I have been studying the answers to Parliamentary Questions officials from the Ministry of Justice have been giving in the past few months in relation to the provision of interpreting services by Applied Language Solutions/Capita since the contract went live on 30th January 2012.
Words failed me when I came across two answers given on two consecutive days back in March.
On 21st March in an answer to Mr Slaughter's question on the Administrator's Monitoring Requirements of the framework agreement between his Department and Applied Language Solutions, Mr Crispin Blunt, Parliamentary Under-Secretary of State at the Ministry of Justice, says: "The Ministry of Justice are receiving daily management information from the contractor concentrating on priority areas of interpreter availability and fulfilment of bookings."
Yet, a day later on 22nd March in an answer to Jonathan Edward’s questions on how many court cases have been delayed due to (a) non-attendance, (b) quality of the translation or interpreter or (c) any other language-related reason since the introduction of the new contract, Mr Jonathan Djanogly, Parliamentary Under-Secretary of State at the Ministry of Justice, says: "Figures are not available on the number of court hearings delayed as a result of problems with interpreters either before or after the new contract started."
The two statements just don’t seem to add up. How can the Ministry of Justice be receiving daily management information and have no figures available? What kind of management information are they receiving? Management speak?
We have also heard that the information from local courts on ALS interpreting performance is not collated centrally. However, when we try to send separate Freedom of Information Requests to such courts, they get sent back to the MoJ and their Strategic Briefing and Information Team tells us: “The Ministry of Justice has responsibility for managing the HMCTS estate, which is why all requests of this nature are being handled centrally”. Vicious circle? Incompetence? Or an attempt to find an excuse to refuse to give any details?

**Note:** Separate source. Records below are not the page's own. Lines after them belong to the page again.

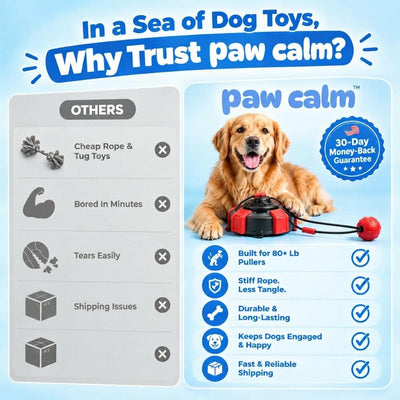 Suction Cup Dog Tug Toy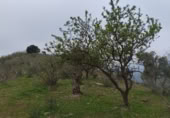 Terreno no urbanizable en venta en la Lagar mesoneros, Almogía, ref: TR387663 foto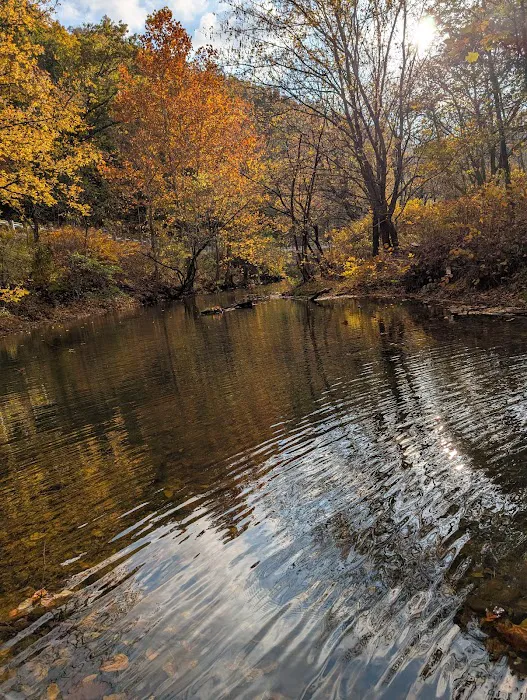 Lazy Acres Outpost Picture 6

Then we find out that on 24th May the Chief Statistician at the MoJ will publish a full statistical analysis of the performance of ALS up to 30 April. Yet, the Strategic Briefing and Information Team at the Ministry of Justice tells us that these statistics are collated by ALS. Isn’t there a contradiction that the statistics are provided by the supplier which the MoJ should be monitoring?
I am puzzled. Can anyone enlighten me please?